**Work required**:
Return the full listing character for character, without its pictures.
Segment Start: Supplied data
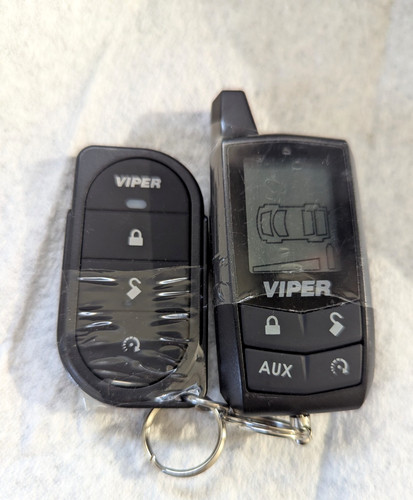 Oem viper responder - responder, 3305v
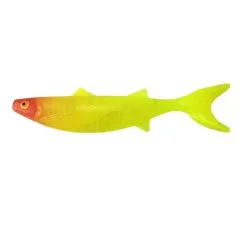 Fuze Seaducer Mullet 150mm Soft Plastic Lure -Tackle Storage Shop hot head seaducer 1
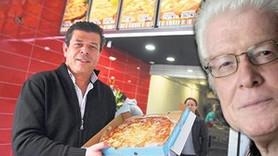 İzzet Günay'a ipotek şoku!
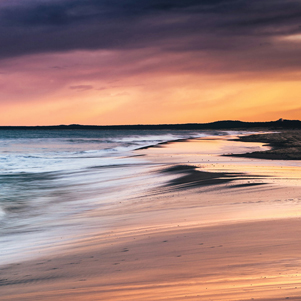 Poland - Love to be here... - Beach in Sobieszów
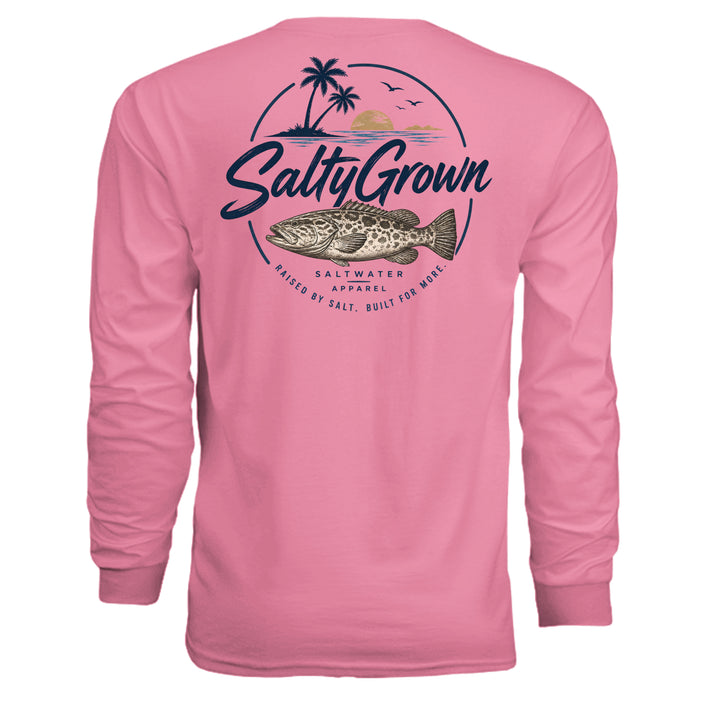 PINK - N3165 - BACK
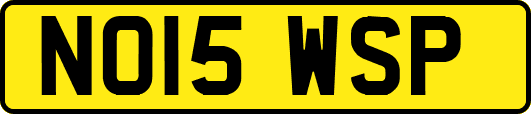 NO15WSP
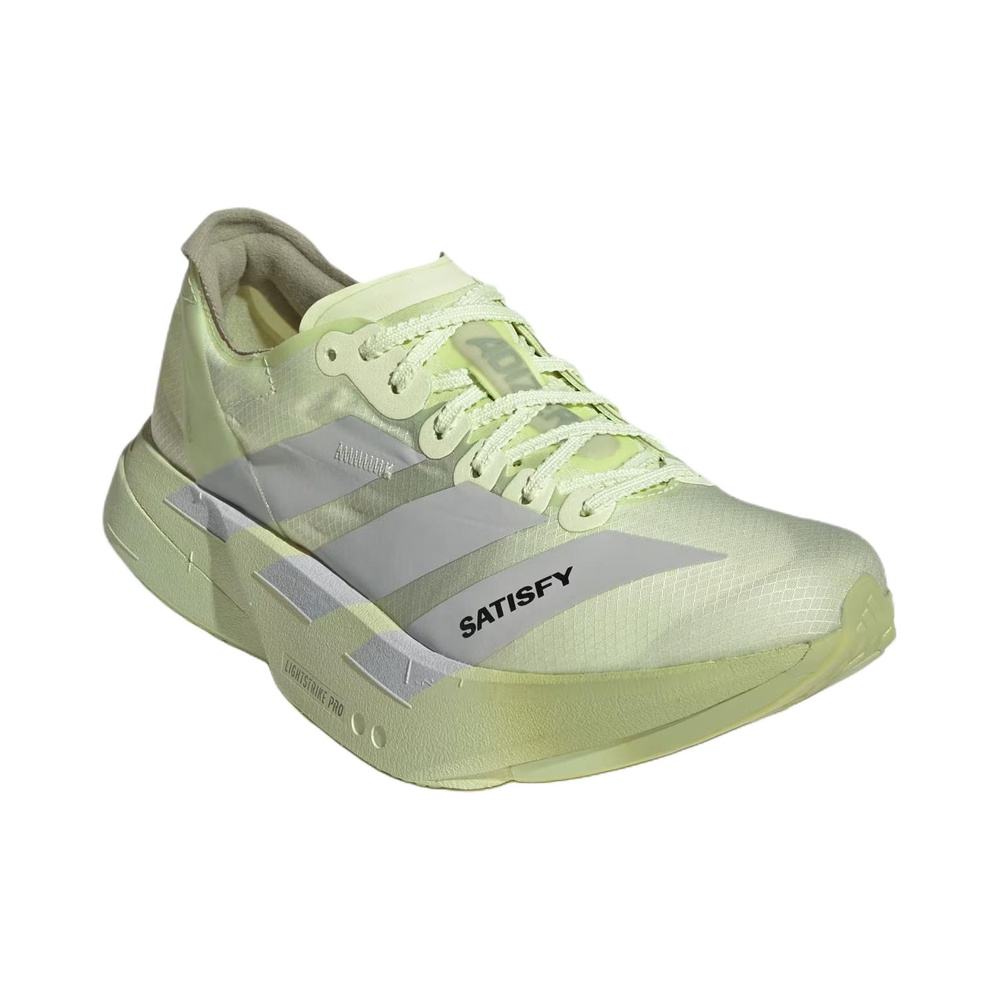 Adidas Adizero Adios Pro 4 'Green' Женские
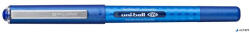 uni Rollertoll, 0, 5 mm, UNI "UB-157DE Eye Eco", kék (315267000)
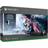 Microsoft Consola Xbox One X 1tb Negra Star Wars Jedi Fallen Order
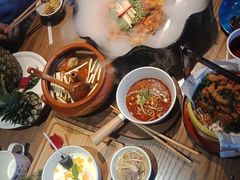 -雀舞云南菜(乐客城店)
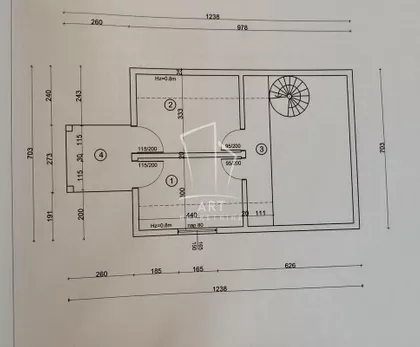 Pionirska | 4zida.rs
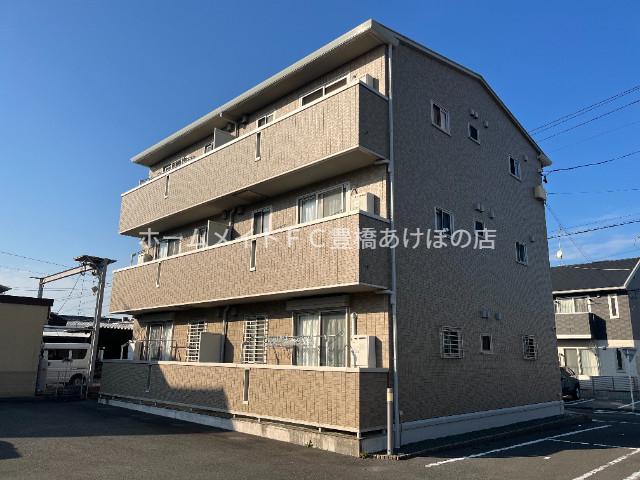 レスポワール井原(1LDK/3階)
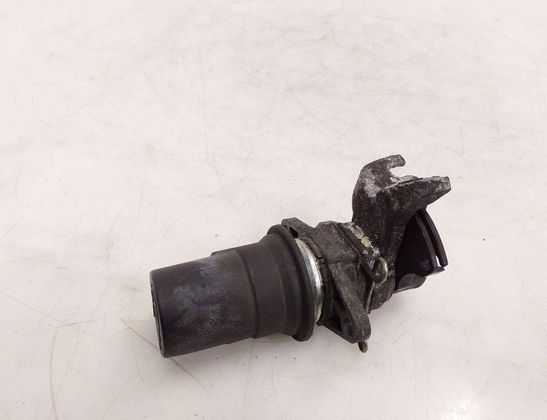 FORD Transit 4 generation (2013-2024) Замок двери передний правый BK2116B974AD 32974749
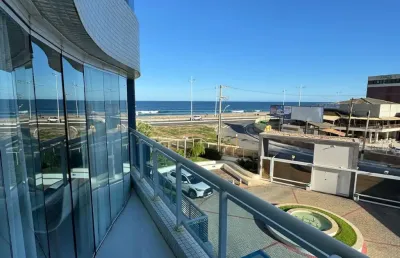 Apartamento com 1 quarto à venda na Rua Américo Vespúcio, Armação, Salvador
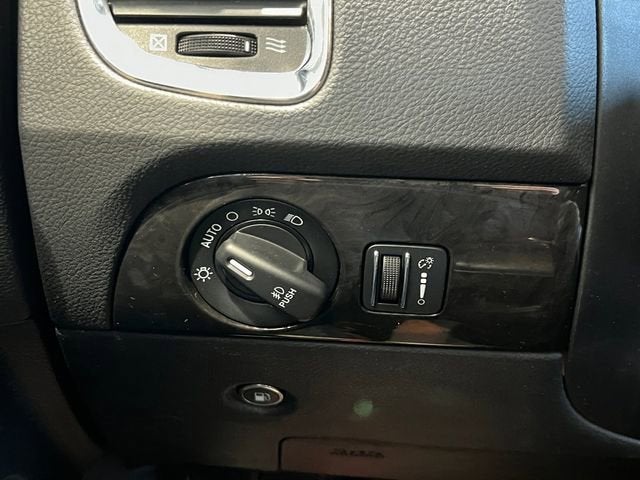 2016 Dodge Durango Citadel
Segment End: Supplied data
**Solution below**:
 Oem viper responder - responder, 3305v
 Fuze Seaducer Mullet 150mm Soft Plastic Lure -Tackle Storage Shop hot head seaducer 1
 İzzet Günay'a ipotek şoku!
 Poland - Love to be here... - Beach in Sobieszów
 PINK - N3165 - BACK
 NO15WSP
 Adidas Adizero Adios Pro 4 'Green' Женские
 uni Rollertoll, 0, 5 mm, UNI "UB-157DE Eye Eco", kék (315267000)
 Microsoft Consola Xbox One X 1tb Negra Star Wars Jedi Fallen Order
 -雀舞云南菜(乐客城店)
 Pionirska | 4zida.rs
 レスポワール井原(1LDK/3階)
 FORD Transit 4 generation (2013-2024) Замок двери передний правый BK2116B974AD 32974749
 Apartamento com 1 quarto à venda na Rua Américo Vespúcio, Armação, Salvador
 2016 Dodge Durango Citadel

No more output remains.